More people want the railways to be brought into public ownership than want them to stay privatised, a new poll has found.
The poll by Survation for campaigning group We Own It found that only 17% of people asked wanted the railways to remain in private hands. Meanwhile, 40% want the entire rail network brought back into public ownership and 23% said they’d like some franchises back in the public sector. That means 63% of people – just under two-thirds – would like to see some form of public ownership of the railways.
The survey was asked in response to comments made by Michael Dugher, Shadow Transport Secretary. Talking about the railways he said “privatisation was a mess, it was botched.” Everyone asked was given this statement and then asked what they would like to happen to the railways in the UK. Voters from across all parties were in favour of some kind of public ownership but the biggest amount of support for public ownership of entire railway network came from UKIP voters and Labour voters – at 47% and 46% respectively.
There is some support within the Labour party for rail re-nationalisation. Back in January a group of 15 Labour MPs wrote an open letter asking the party leadership to change course on austerity and calling for the restoration of collective bargaining. Nestled between these two points was also a case for returning rail franchises to public ownership once they had expired – a position shared by a large number of Labour MPs.
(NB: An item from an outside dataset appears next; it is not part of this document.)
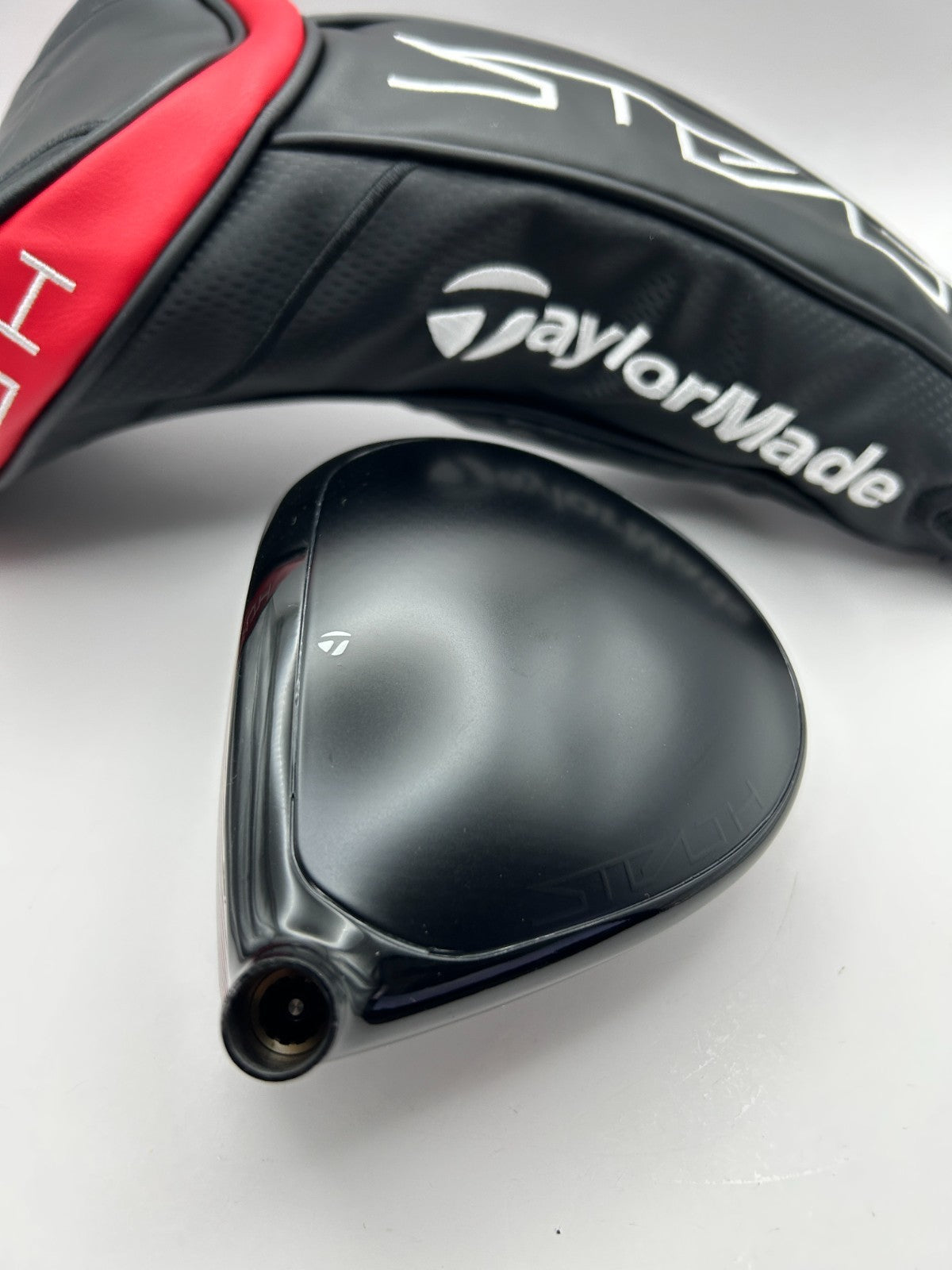 Taylormade Stealth 9.0 driver head only right handed golf from japan 33636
Similarly, earlier this month, former Deputy PM John Prescott also came out in favour of re-nationalising certain rail franchises, citing West Coast as a franchise that should be brought back into public hands once it expires in two years.
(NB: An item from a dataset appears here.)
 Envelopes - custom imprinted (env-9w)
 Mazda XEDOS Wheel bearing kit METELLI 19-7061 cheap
Cat Hobbs, Director of We Own It, explained why the campaign group she heads up is in favour of public ownership:
“The next government needs to break with the old privatisation model of the 1990s that has failed to deliver. Passengers are frustrated with sky high fares and crushed carriages, and many feel that a halfway house option just isn’t good enough. Full public ownership would deliver real benefits to everyone, and after the success of the publicly run East Coast line, we know it can work.”
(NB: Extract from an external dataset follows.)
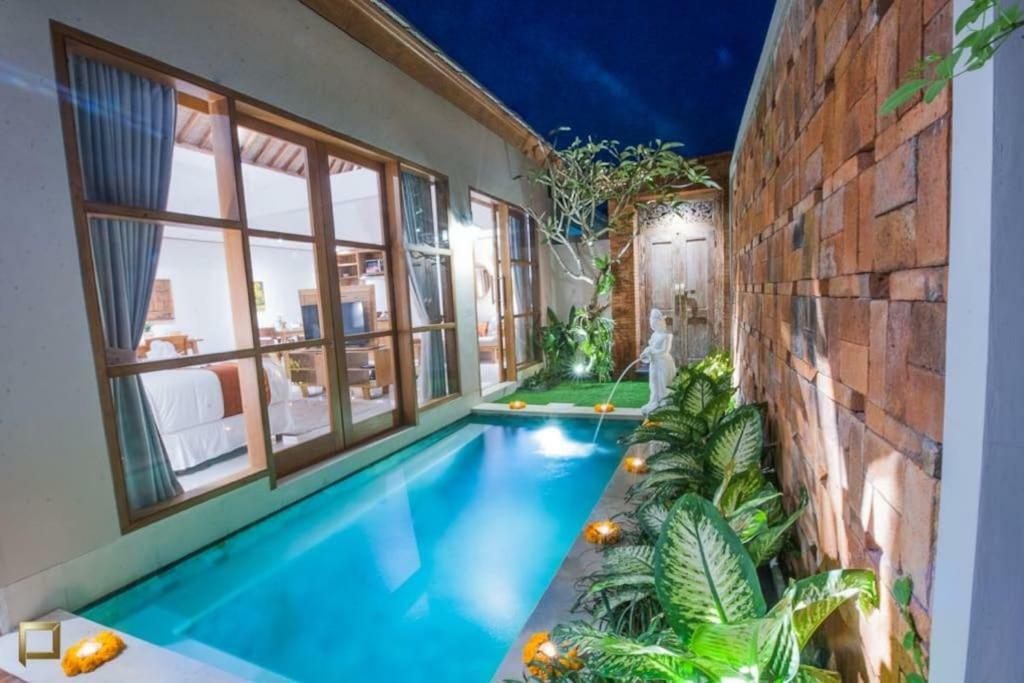 Maitri Villa Ubud מראה חיצוני תמונה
This polling has been released ahead of public action that will take place across the country over the next 48 hours. Protests are set to take place at 34 railways stations in the UK, they’re organised by a coalition of groups including the Transport Salaried Staffs’ Association, the Campaign Against Climate Change, Bring Back British Rail, Action for Rail, the People’s Assembly Against Austerity, and We Own It.
Tomorrow these groups have also pointed out that this action will also coincide with the 21st anniversary of the founding of Railtrack, a group of private companies that managed rail infrastructure. After experiencing financial problems, it was liquidated in 2002 and state-owned Network Rail took over its operations.